CCBench#

Overview#

CCBench (Chinese Culture Bench) is an extension of MMBench specifically designed to evaluate multimodal models’ understanding of Chinese traditional culture. It covers various aspects of Chinese cultural heritage through visual question answering.

Task Description#

  • Task Type: Visual Multiple-Choice Q&A (Chinese Culture)

  • Input: Image with question about Chinese culture

  • Output: Single correct answer letter (A, B, C, or D)
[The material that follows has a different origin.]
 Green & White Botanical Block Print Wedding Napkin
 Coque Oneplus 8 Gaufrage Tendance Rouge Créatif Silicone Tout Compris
  • Language: Primarily Chinese content

Key Features#

  • Questions about Chinese traditional culture

  • Categories: Calligraphy, Painting, Cultural Relics, Food & Clothes

  • Historical Figures, Scenery & Building, Sketch Reasoning, Traditional Shows

  • Tests cultural knowledge combined with visual understanding

  • Extension of the MMBench evaluation framework

Evaluation Notes#

  • Default configuration uses 0-shot evaluation

  • Uses Chain-of-Thought (CoT) prompting

  • Evaluates on test split

  • Simple accuracy metric for scoring

  • Requires both visual perception and cultural knowledge

Properties#

Property

Value

Benchmark Name

cc_bench

Dataset ID

lmms-lab/MMBench

Paper

N/A

Tags

Knowledge, MCQ, MultiModal

Metrics

acc

Default Shots

0-shot

Evaluation Split

test

Data Statistics#

Metric

Value

Total Samples

2,040

Prompt Length (Mean)

270.1 chars

Prompt Length (Min/Max)

254 / 394 chars

Image Statistics:

Metric

Value

Total Images

2,040

Images per Sample

min: 1, max: 1, mean: 1

Resolution Range

119x118 - 512x512

Formats

jpeg

Sample Example#

Subset: cc

{
  "input": [
    {
      "id": "2797f551",
      "content": [
        {
          "text": "Answer the following multiple choice question. The last line of your response should be of the following format: 'ANSWER: [LETTER]' (without quotes) where [LETTER] is one of A,B,C,D. Think step by step before answering.\n\n图中所示建筑名称为?\n\nA) 天坛\nB) 故宫\nC) 黄鹤楼\nD) 少林寺"
        },
        {
          "image": "[BASE64_IMAGE: jpeg, ~22.7KB]"
        }
      ]
    }
  ],
  "choices": [
    "天坛",
    "故宫",
    "黄鹤楼",
    "少林寺"
  ],
  "target": "A",
  "id": 0,
  "group_id": 0,
  "metadata": {
    "index": 0,
    "category": "scenery_building",
    "source": "https://zh.wikipedia.org/wiki/%E5%A4%A9%E5%9D%9B"
  }
}

Prompt Template#

Prompt Template:

Answer the following multiple choice question. The last line of your response should be of the following format: 'ANSWER: [LETTER]' (without quotes) where [LETTER] is one of {letters}. Think step by step before answering.

{question}

{choices}

Usage#

Using CLI#

evalscope eval \
    --model YOUR_MODEL \
    --api-url OPENAI_API_COMPAT_URL \
    --api-key EMPTY_TOKEN \
    --datasets cc_bench \
    --limit 10  # Remove this line for formal evaluation

Using Python#

from evalscope import run_task
from evalscope.config import TaskConfig

task_cfg = TaskConfig(
    model='YOUR_MODEL',
    api_url='OPENAI_API_COMPAT_URL',
    api_key='EMPTY_TOKEN',
    datasets=['cc_bench'],
    limit=10,  # Remove this line for formal evaluation
)

run_task(task_cfg=task_cfg)